- _Input for this task_
#####

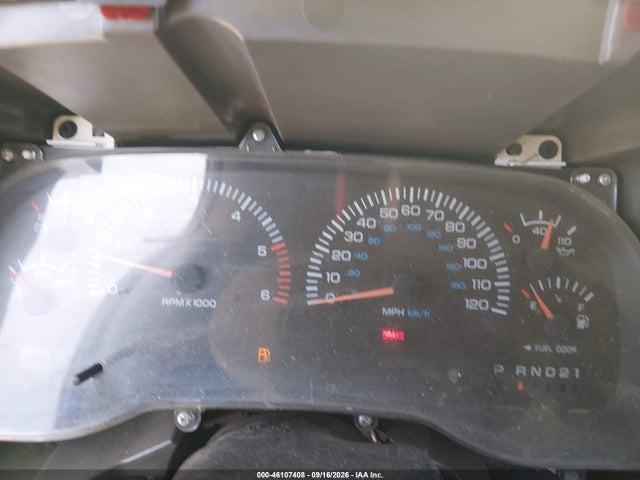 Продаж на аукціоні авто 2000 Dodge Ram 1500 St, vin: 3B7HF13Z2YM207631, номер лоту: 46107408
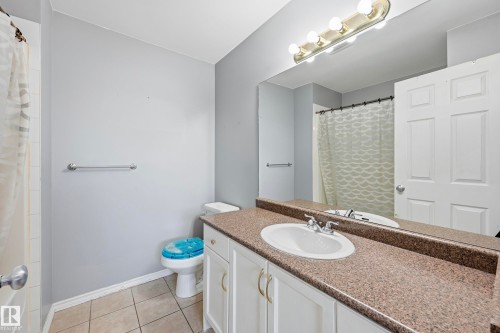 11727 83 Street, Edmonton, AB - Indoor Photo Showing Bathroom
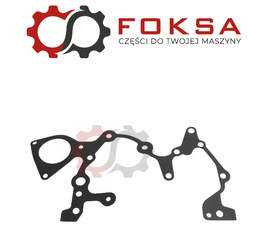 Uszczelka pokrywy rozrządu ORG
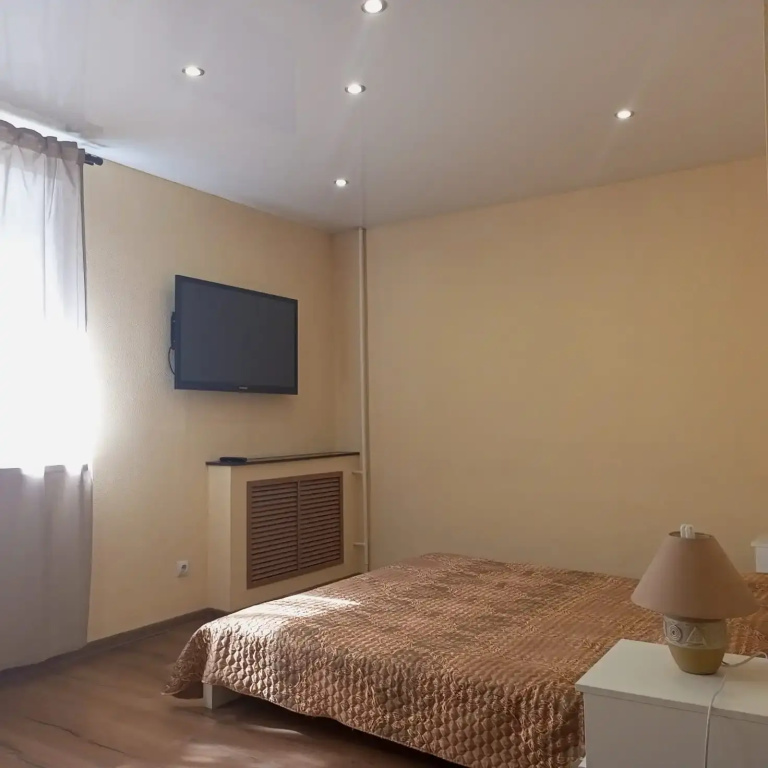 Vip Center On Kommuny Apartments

#####

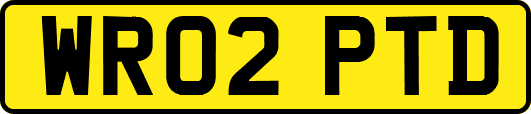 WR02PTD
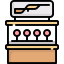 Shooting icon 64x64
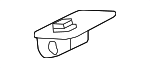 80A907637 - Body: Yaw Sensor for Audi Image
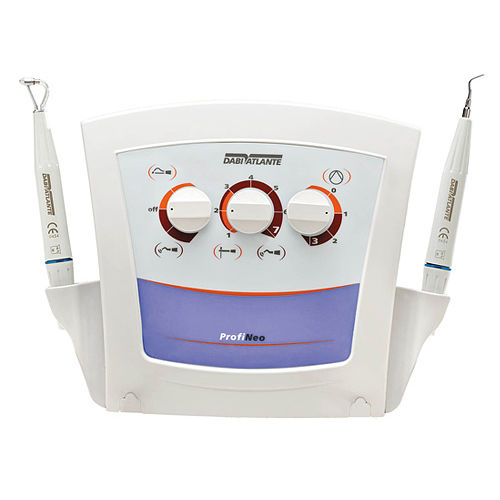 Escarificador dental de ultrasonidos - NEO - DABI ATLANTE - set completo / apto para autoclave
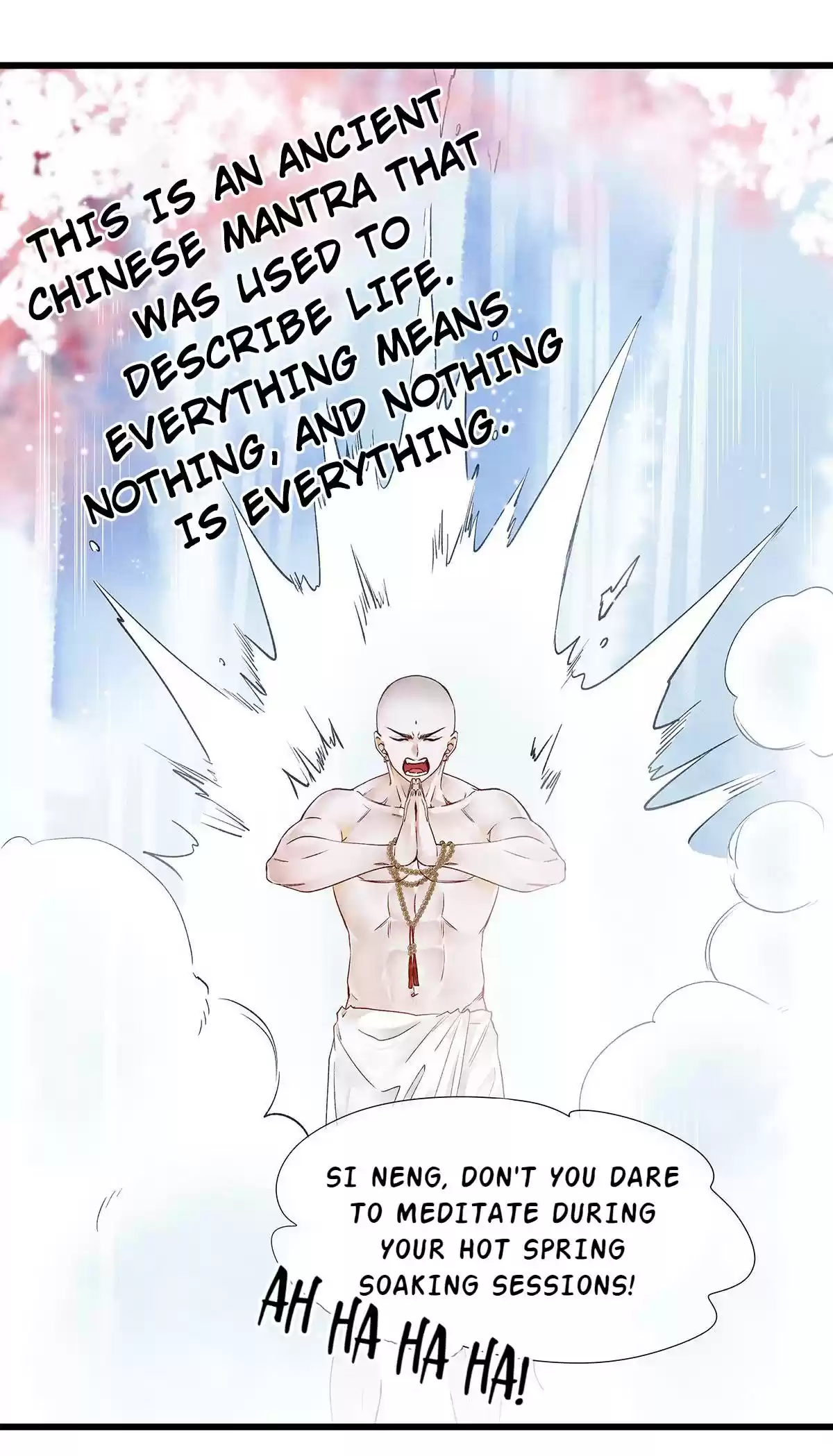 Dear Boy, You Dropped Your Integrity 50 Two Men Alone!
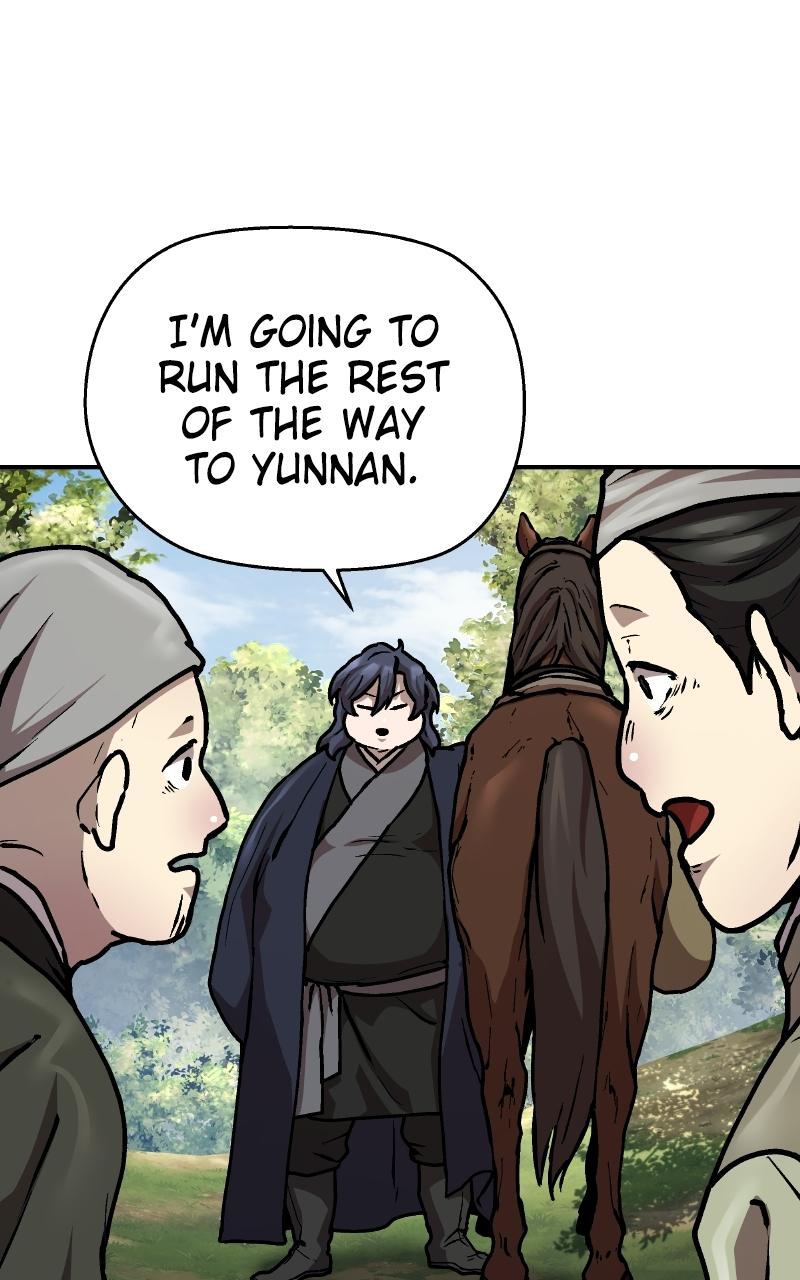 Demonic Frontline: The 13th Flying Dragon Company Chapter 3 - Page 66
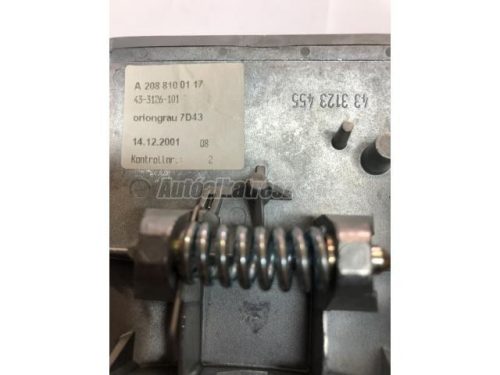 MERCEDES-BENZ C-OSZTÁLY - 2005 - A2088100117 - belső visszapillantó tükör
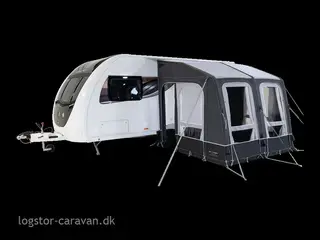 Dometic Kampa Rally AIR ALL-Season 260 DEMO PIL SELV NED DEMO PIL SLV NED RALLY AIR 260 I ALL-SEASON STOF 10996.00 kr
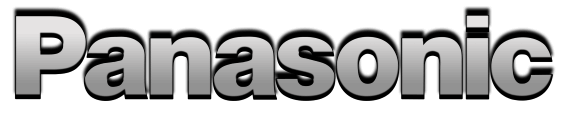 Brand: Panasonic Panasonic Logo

#####

- _Task requirements_
Copy exactly the part of the material above that opens with the line containing "Shooting icon 64x64" and closes with the line containing "Brand: Panasonic Panasonic Logo", ends included. Drop the images.

- _Solution for this problem_
 Shooting icon 64x64
 80A907637 - Body: Yaw Sensor for Audi Image
 Escarificador dental de ultrasonidos - NEO - DABI ATLANTE - set completo / apto para autoclave
 Dear Boy, You Dropped Your Integrity 50 Two Men Alone!
 Demonic Frontline: The 13th Flying Dragon Company Chapter 3 - Page 66
 MERCEDES-BENZ C-OSZTÁLY - 2005 - A2088100117 - belső visszapillantó tükör
 Dometic Kampa Rally AIR ALL-Season 260 DEMO PIL SELV NED DEMO PIL SLV NED RALLY AIR 260 I ALL-SEASON STOF 10996.00 kr
 Brand: Panasonic Panasonic Logo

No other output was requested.